與商成在內城門分手之後,王義不敢耽擱,立刻就去找他的兩位長輩。

他先見到叔父,接著兩個人一道再找上伯父家。此時更鼓已經敲過兩回,他的伯父正要睡下,但聽說他們這麽晚了卻突然聯袂而至,知道肯定是有什麽大事發生,趕緊把他們領進內書房。

茲事體大,王義不敢稍有隱瞞遺漏,原原本本地把今天自己去拜見商成以及後來在梁風酒肆的所見所聞甚至自己的所思所想都仔細地敘述了一遍。

一直到他說完,兩位長輩都沒有插話詢問,隻是低頭一口接一口地喝著提神的釅茶湯。王義帶回來的消息太多太雜,急忙間兩個人都有點反應不過來,要多花點時間慢慢地收拾梳理。

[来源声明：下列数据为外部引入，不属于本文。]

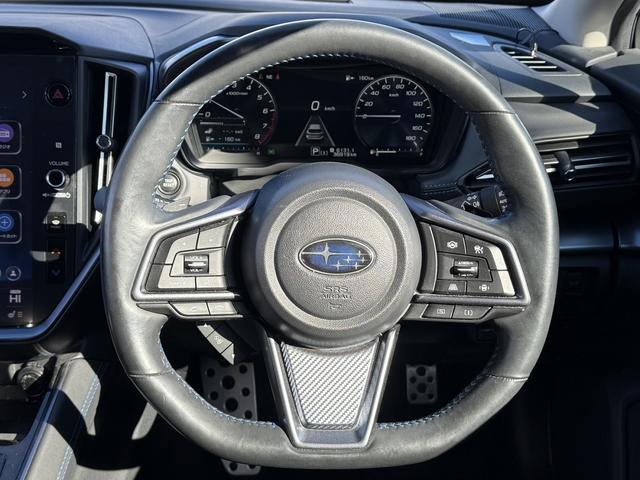 レヴォーグ GT-H EX 禁煙車 純正11.6型ナビ フルセグ フロントサイドリアカメラ メモリー&ヒーター付きパワーシート 衝突軽減ブレーキ ブラインドスポットモニター 運転支援システム パワーテールゲート ステアリング連動(18枚目)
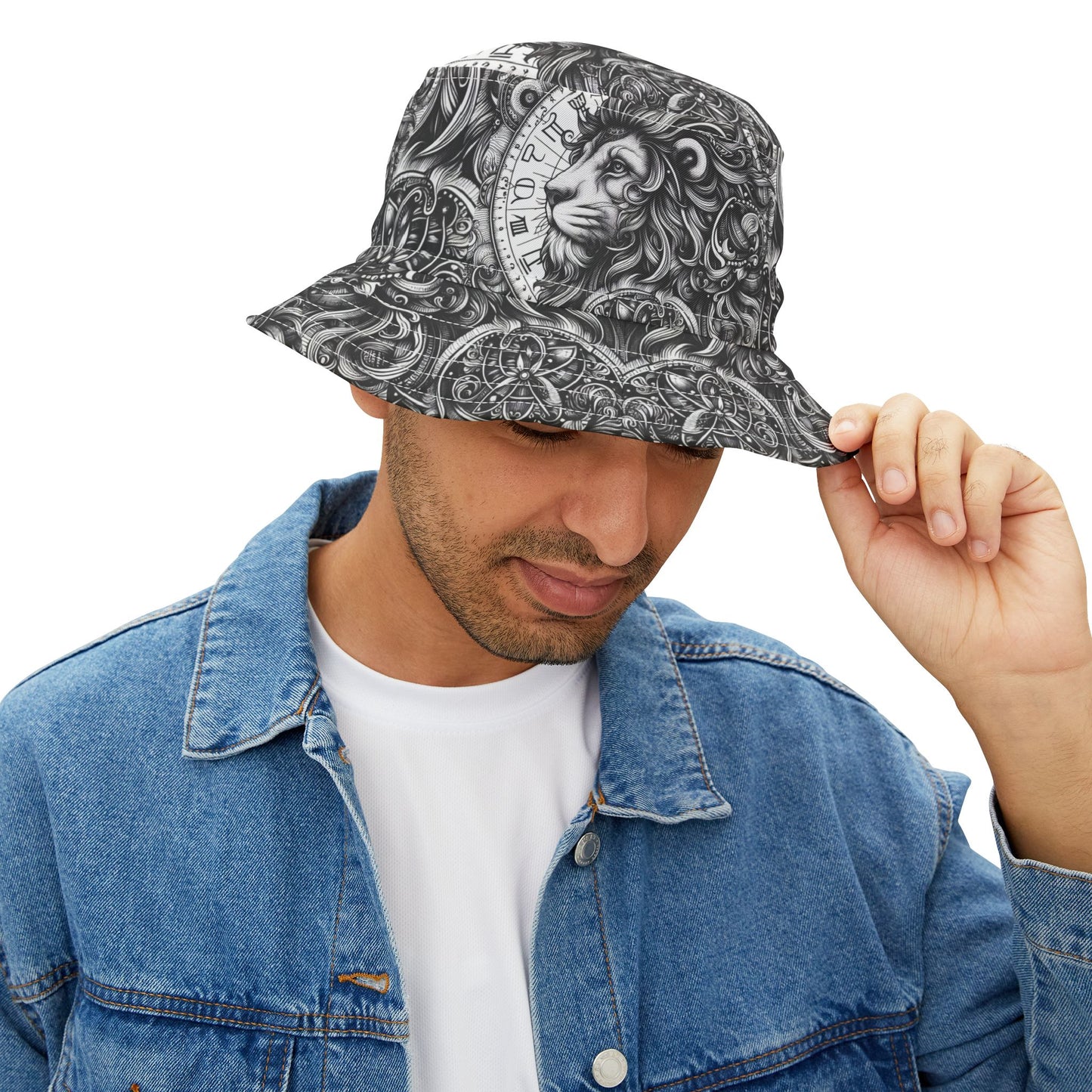 Leo Bucket Hat Gift Zodiac Friend Daughter Sister Unisex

王義說的事情裏,有些他們也清楚,比如蕭堅一係內部的混亂。蕭堅的起家隊伍是右驃騎軍和右神威軍,跟隨他的人大都是從這兩個軍裏出去的,現在兩個軍裏也有他不少的親信和族中子侄。過去兩年,朝廷裏有人幾次提議要撤消這兩個軍,雖然至今也沒能在兵部和宰相公廨獲得通過,但蕭係內部憂心忡忡卻是不爭的事實。麵對如此局勢,蕭堅卻是束手無策,根本就無能為力,這就更教他的老部下們人心惶惶。但兩位長輩確實都沒想到蕭堅與嚴固很可能要分道揚鑣。這可不是小事!嚴固有什麽憑仗敢與蕭堅分家,他又憑借了什麽敢作自立,他哪裏來的信心能與蕭堅還有楊度抗衡……

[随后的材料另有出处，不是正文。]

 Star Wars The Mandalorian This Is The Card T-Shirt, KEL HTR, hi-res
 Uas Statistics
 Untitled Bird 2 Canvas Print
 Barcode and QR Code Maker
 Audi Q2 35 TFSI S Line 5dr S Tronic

另外,李穆回京的事也讓他們很有點疑惑。李穆是鹹陽人,表字肅,別號定一先生,東元十三年請辭以前一直是太史局少卿。這人既精天文也擅農事,曾參與建造渾天儀,自造了定時儀,其著作《新算七篇》和《望誌》都曾風行天下。這樣一個人突然回到京師,濟南王和朱宣還特意為他設宴,背後是不是有什麽值得思索的地方?還有田青山,小小的一個觀風使卻是言辭似劍文章如刀,時不時上個呈文遞個議疏,搞出的風雨讓六部和地方都拿著頭疼,也是個不能小覷的人物……

聽著兩位長輩把不相幹的事穿骨鑿髓地分剖解細,王義都有點著急了。眼下最重要的不是蕭嚴分家,也不是李定一返京,而是要不要聽從商成的建議,馬上把他與塗家女兒的婚事定下來。

但兩位長輩對他的焦急不以為意。叔父還再一次告誡他,越是臨大事,越是要心平氣和不能急躁;他身上最大的毛病就是做事急功近利!這毛病不改的話,早晚要吃大虧。伯父也說,商成的建議是陡然間提出來的,很難說清楚他是在替王義考慮還是另有他圖,所以不能排除他自己想娶長沙公主的想法一一說不定商瞎子也想請托成都王去做媒呢?因為程橋在應伯府遭冷遇被驅逐的事幾乎沒有人知曉,所以伯父的說法也並非全無道理。至少王義心中就存在著同樣的疑慮。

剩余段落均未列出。